§ Task details
Only the lines from the one containing "Watercolor Spring Floral" to the end of the data should be copied, exactly and without pictures.

§ Data records
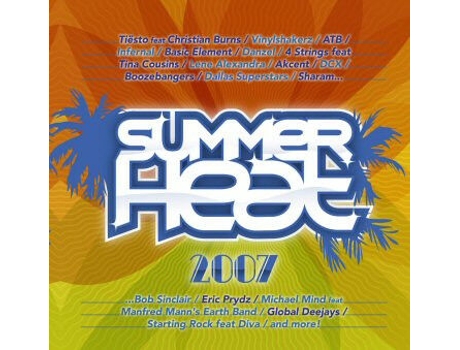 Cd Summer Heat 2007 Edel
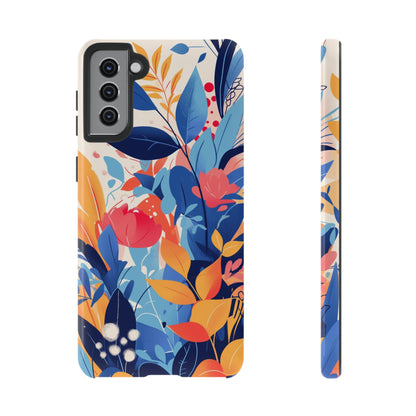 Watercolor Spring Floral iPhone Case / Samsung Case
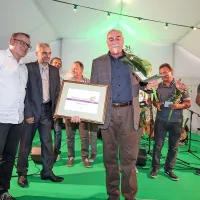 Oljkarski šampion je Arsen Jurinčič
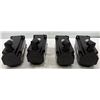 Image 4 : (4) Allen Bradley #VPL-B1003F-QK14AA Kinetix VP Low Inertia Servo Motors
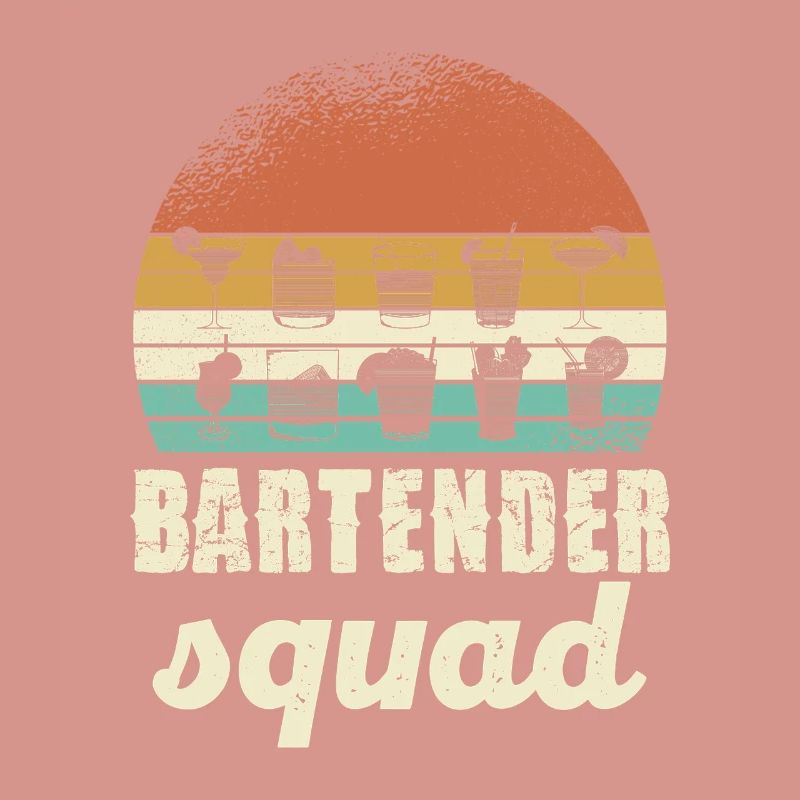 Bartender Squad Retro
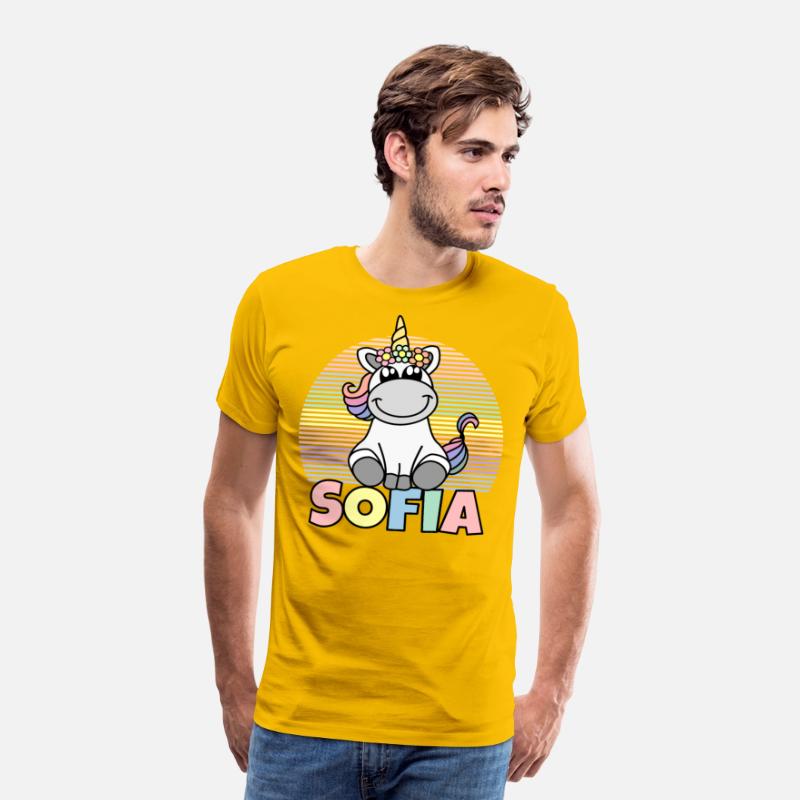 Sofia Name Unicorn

§ Result of this exercise
 Watercolor Spring Floral iPhone Case / Samsung Case
 Oljkarski šampion je Arsen Jurinčič
 Image 4 : (4) Allen Bradley #VPL-B1003F-QK14AA Kinetix VP Low Inertia Servo Motors
 Bartender Squad Retro
 Sofia Name Unicorn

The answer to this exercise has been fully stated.